> [Supplied information]

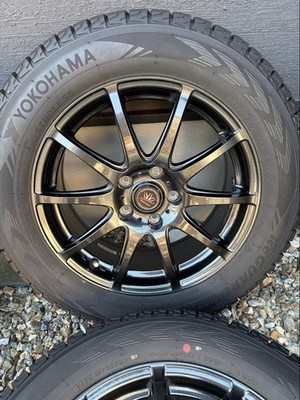 JDM ZRV Studless 225/60R17 G075 Roxani RS-10 4-Wheel Set (No Tires) - Image 5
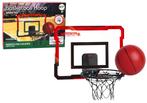 Mini basket set - 39 x 28 x 31 cm - slagvast - incl. pomp, Sport en Fitness, Basketbal, Ophalen of Verzenden, Nieuw
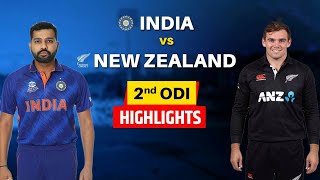INDIA vs Newzealand 2nd ODI Match Full Highlights: Ind vs NZ 2nd ODI  Replay,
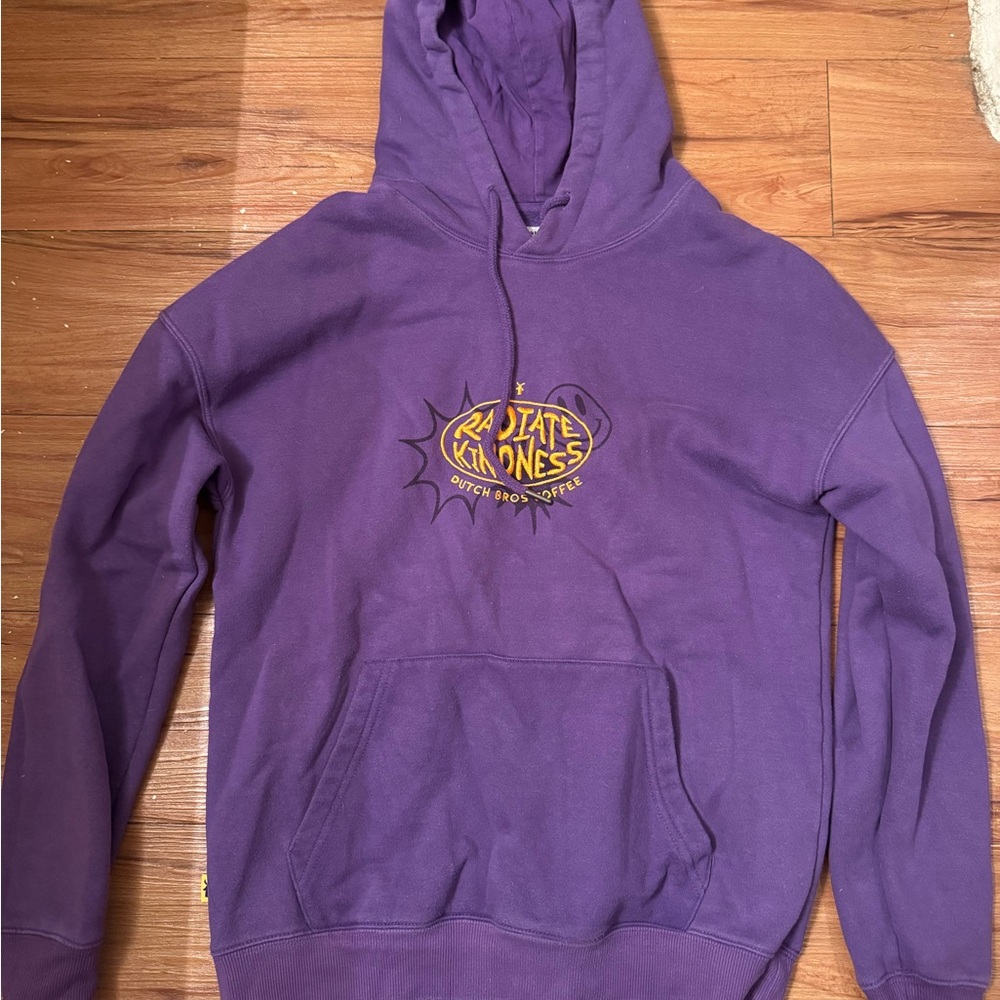 Dutch bros Purple Hoodie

> [Try it]
Print every line of the listing exactly, please, and leave the images out.

> [Expected answer]
 JDM ZRV Studless 225/60R17 G075 Roxani RS-10 4-Wheel Set (No Tires) - Image 5
 Mini basket set - 39 x 28 x 31 cm - slagvast - incl. pomp, Sport en Fitness, Basketbal, Ophalen of Verzenden, Nieuw
INDIA vs Newzealand 2nd ODI Match Full Highlights: Ind vs NZ 2nd ODI  Replay,
 Dutch bros Purple Hoodie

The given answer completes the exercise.